### RECORDS TO PROCESS:
------------------------------------

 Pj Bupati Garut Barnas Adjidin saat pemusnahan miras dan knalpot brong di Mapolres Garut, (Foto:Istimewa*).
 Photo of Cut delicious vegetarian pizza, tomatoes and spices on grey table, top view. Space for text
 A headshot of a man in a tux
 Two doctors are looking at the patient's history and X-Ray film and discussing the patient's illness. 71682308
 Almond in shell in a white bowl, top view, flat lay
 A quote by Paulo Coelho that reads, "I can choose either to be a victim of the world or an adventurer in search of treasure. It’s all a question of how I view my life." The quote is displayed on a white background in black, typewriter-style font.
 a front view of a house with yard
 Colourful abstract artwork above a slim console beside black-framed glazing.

------------------------------------

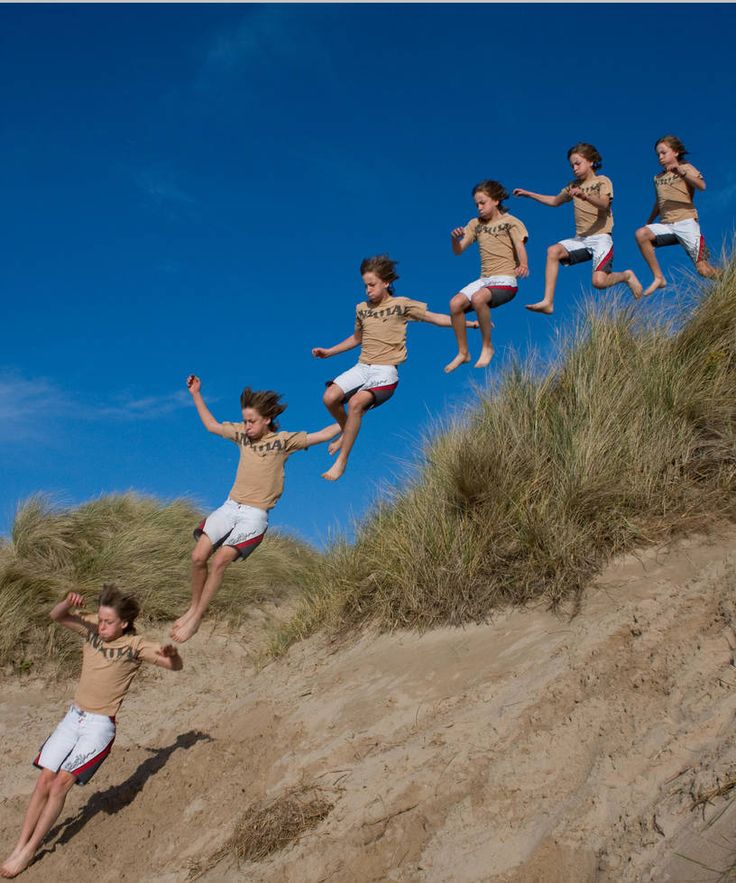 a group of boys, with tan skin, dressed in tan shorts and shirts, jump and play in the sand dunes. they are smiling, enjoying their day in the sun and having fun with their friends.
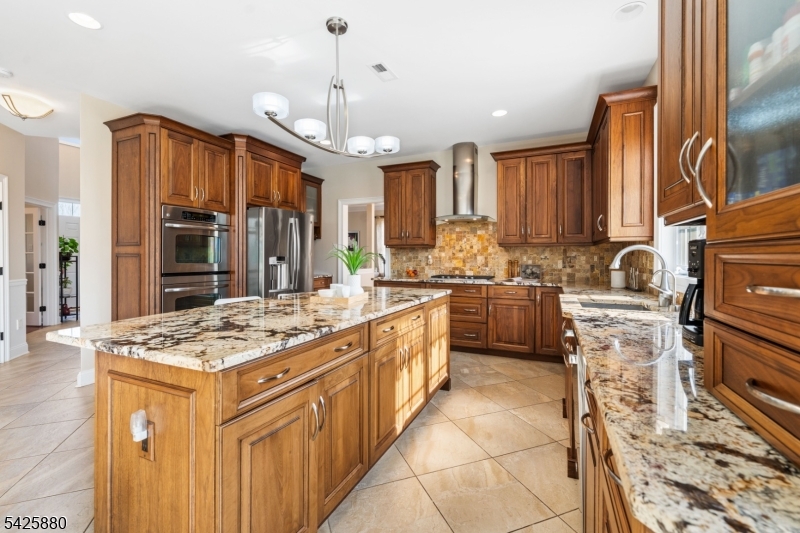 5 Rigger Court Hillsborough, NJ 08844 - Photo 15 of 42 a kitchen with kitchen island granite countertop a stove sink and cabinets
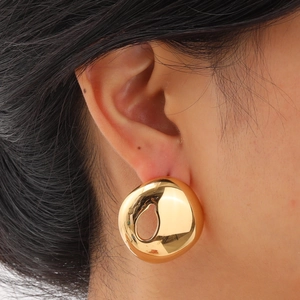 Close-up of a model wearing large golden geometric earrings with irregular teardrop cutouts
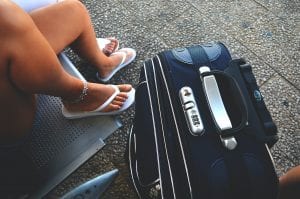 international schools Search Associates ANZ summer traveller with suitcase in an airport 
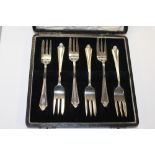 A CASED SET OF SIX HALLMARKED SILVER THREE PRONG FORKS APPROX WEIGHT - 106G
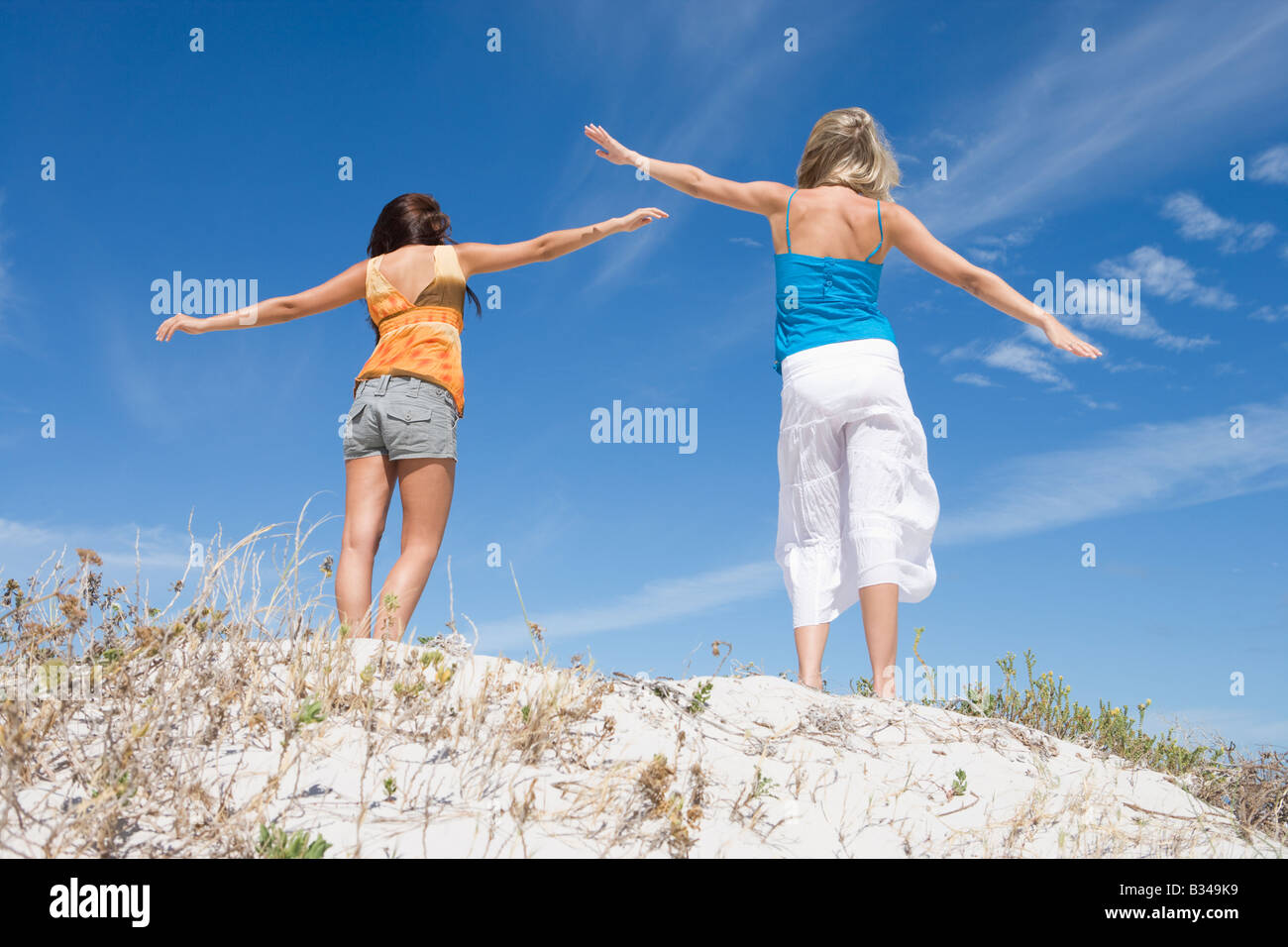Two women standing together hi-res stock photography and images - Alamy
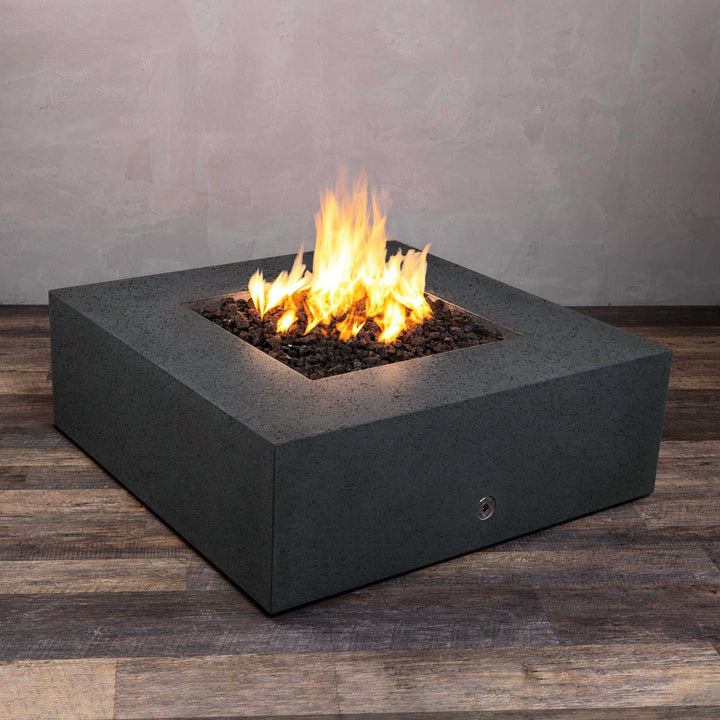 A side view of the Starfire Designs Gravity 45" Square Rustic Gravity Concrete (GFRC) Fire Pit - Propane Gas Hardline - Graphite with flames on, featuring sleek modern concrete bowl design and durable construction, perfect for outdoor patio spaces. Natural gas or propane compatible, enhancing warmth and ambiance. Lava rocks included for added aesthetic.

------------------------------------

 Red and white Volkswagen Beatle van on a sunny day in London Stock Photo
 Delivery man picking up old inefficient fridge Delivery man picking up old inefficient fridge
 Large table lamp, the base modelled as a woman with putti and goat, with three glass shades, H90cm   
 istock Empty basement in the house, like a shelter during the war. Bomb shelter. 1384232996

------------------------------------

### TASK DIRECTIONS:
Set down exactly the lines of the data above, beginning with the line that has "Photo of Cut" and ending with the line that has "Two doctors are", and no others.

### TASK SOLUTION:
 Photo of Cut delicious vegetarian pizza, tomatoes and spices on grey table, top view. Space for text
 A headshot of a man in a tux
 Two doctors are looking at the patient's history and X-Ray film and discussing the patient's illness. 71682308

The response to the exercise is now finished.